**What is needed:** Could you print all the entries below exactly as they appear, omitting the pictures?

**Input data:**
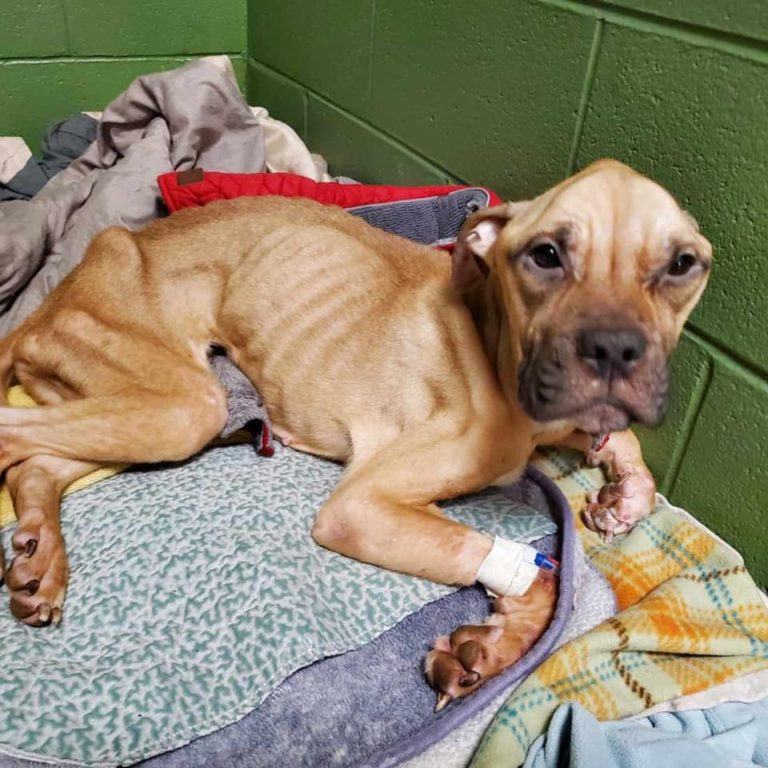 The dog was finally rescued after starving to death and in poor condition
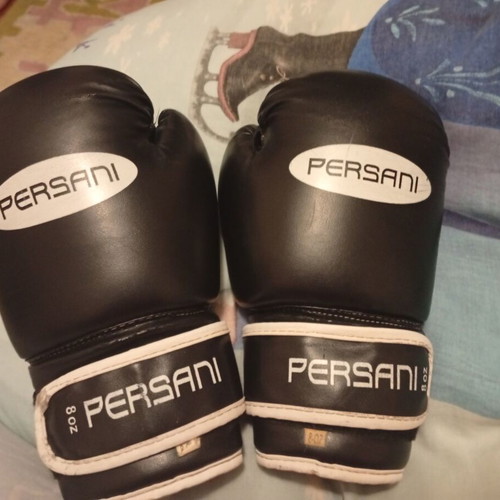 Persani 8 Oz kids kickboxing gloves used, black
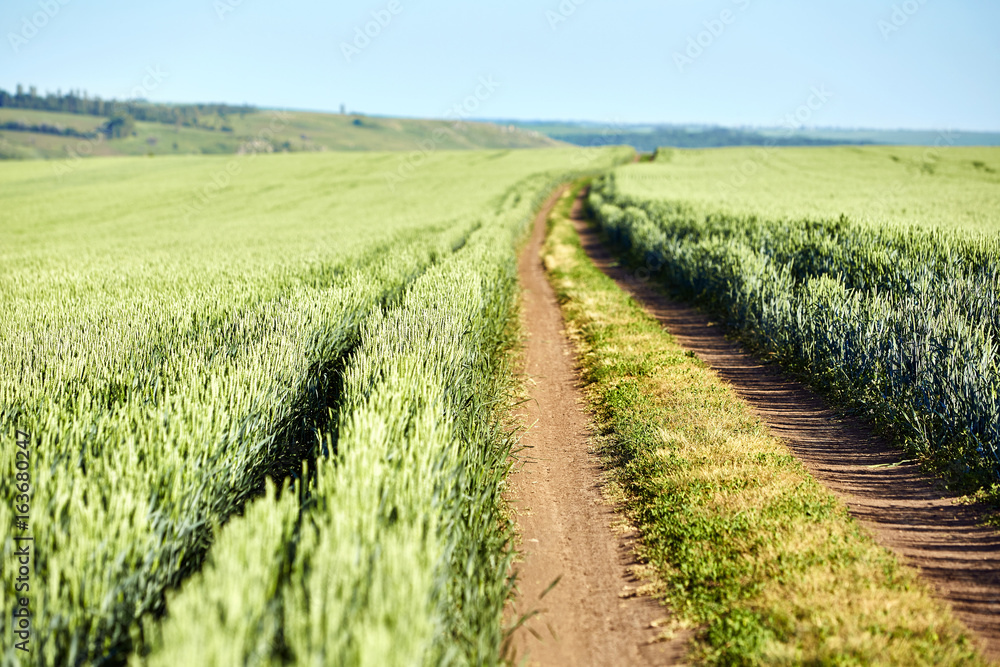Obraz premium Road in the green field in the countryside with blue sky.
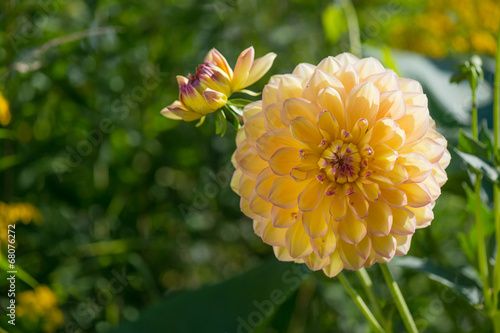 Fotoroleta kwitnący słońce pąk ogród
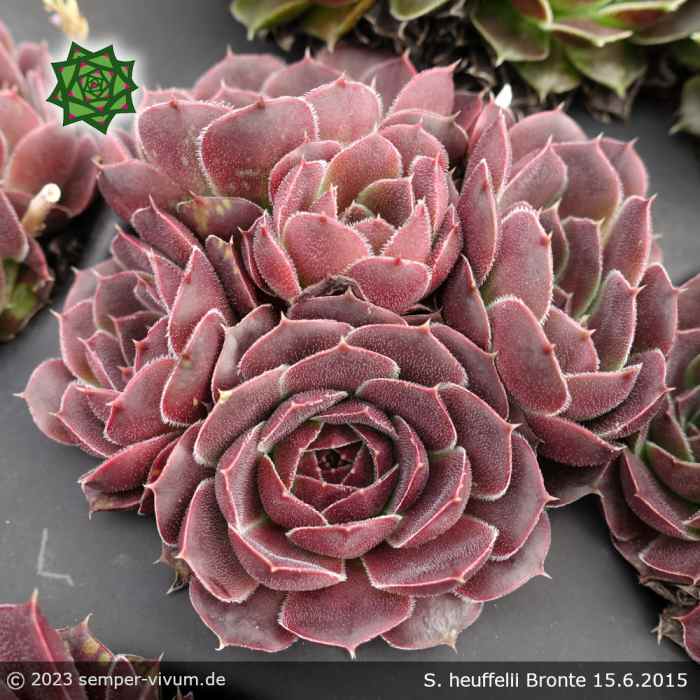 Sempervivum heuffelii 'Bronte'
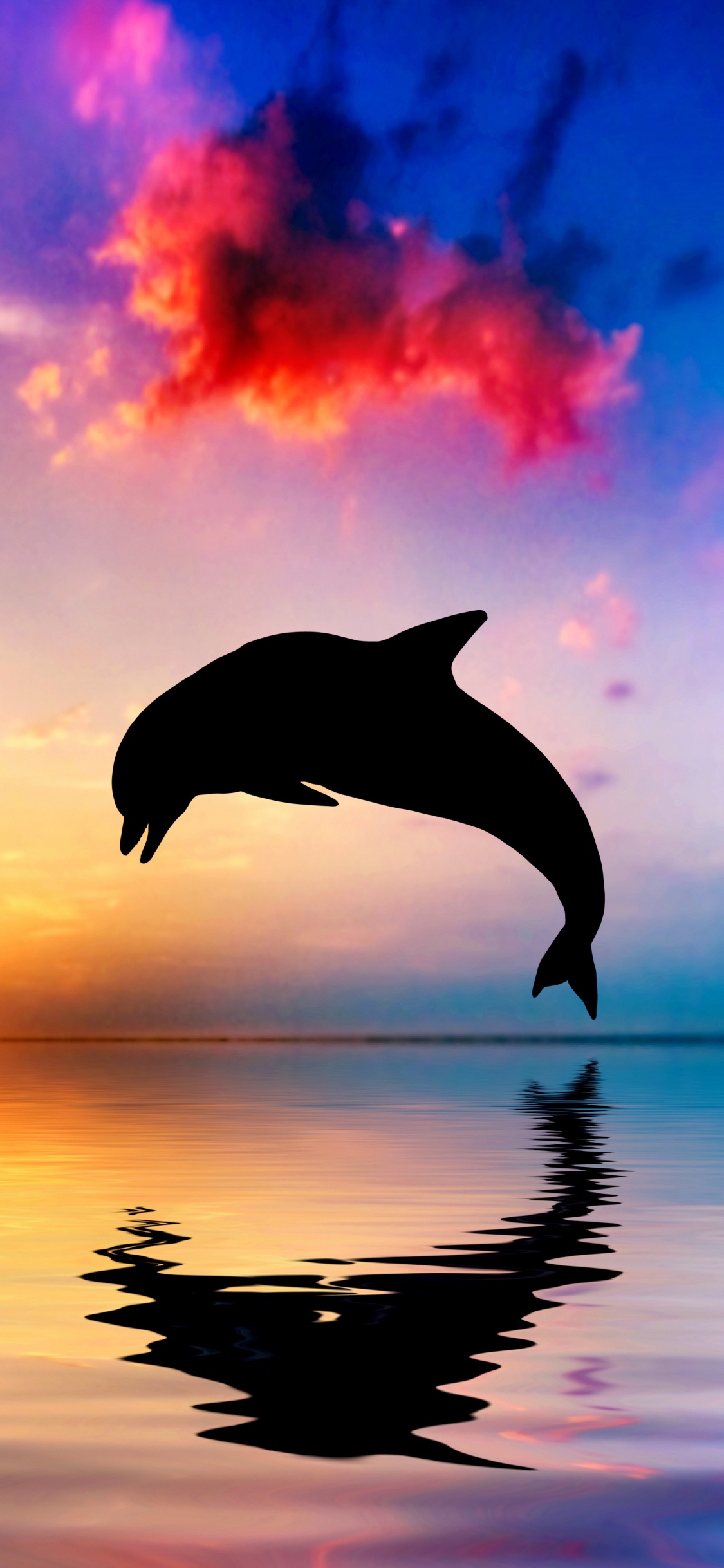 Silhouette of Bird Flying Over The Lake During Sunset. Wallpaper in 1125x2436 Resolution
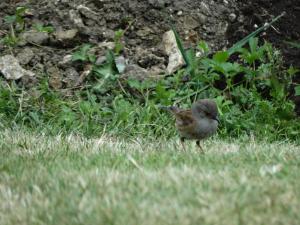 Dunnock 3
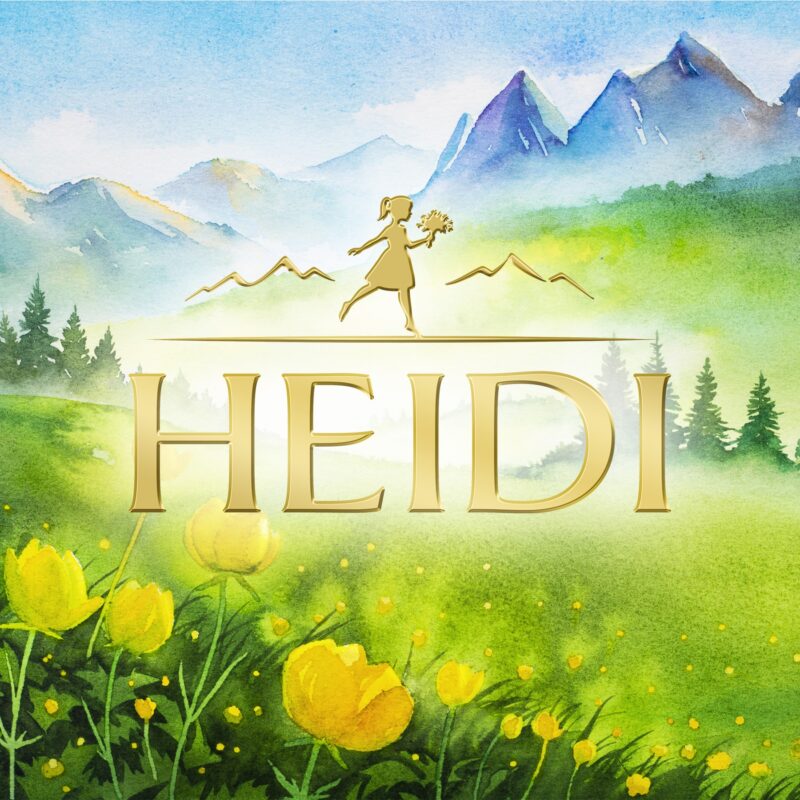 heidi colorful logo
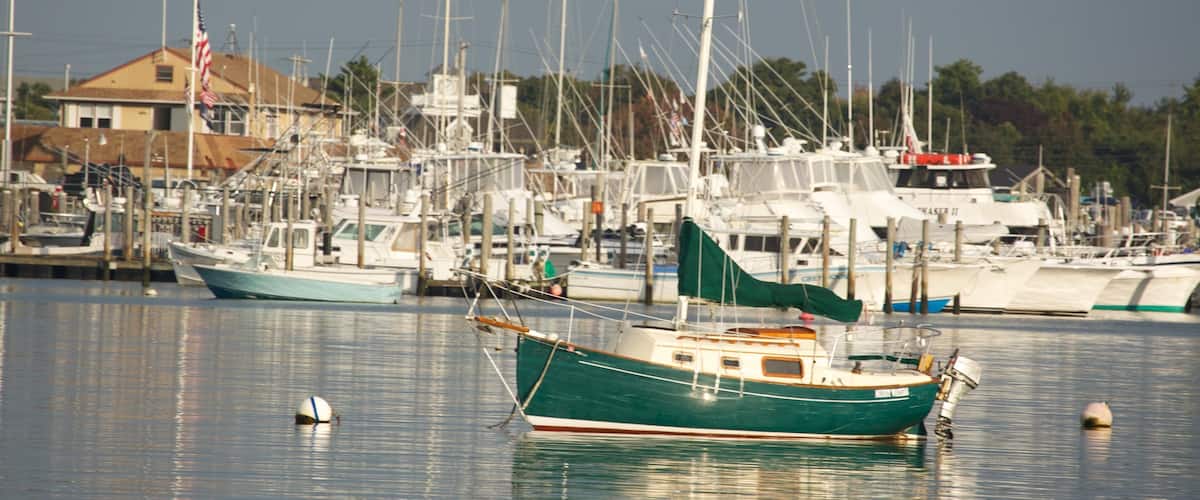 A marina with various boats docked, a house with an American flag, and a clear sky.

**Solution to the exercise:**
 The dog was finally rescued after starving to death and in poor condition
 Persani 8 Oz kids kickboxing gloves used, black
Obraz premium Road in the green field in the countryside with blue sky.
 Fotoroleta kwitnący słońce pąk ogród
 Sempervivum heuffelii 'Bronte'
 Silhouette of Bird Flying Over The Lake During Sunset. Wallpaper in 1125x2436 Resolution
 Dunnock 3
 heidi colorful logo
 A marina with various boats docked, a house with an American flag, and a clear sky.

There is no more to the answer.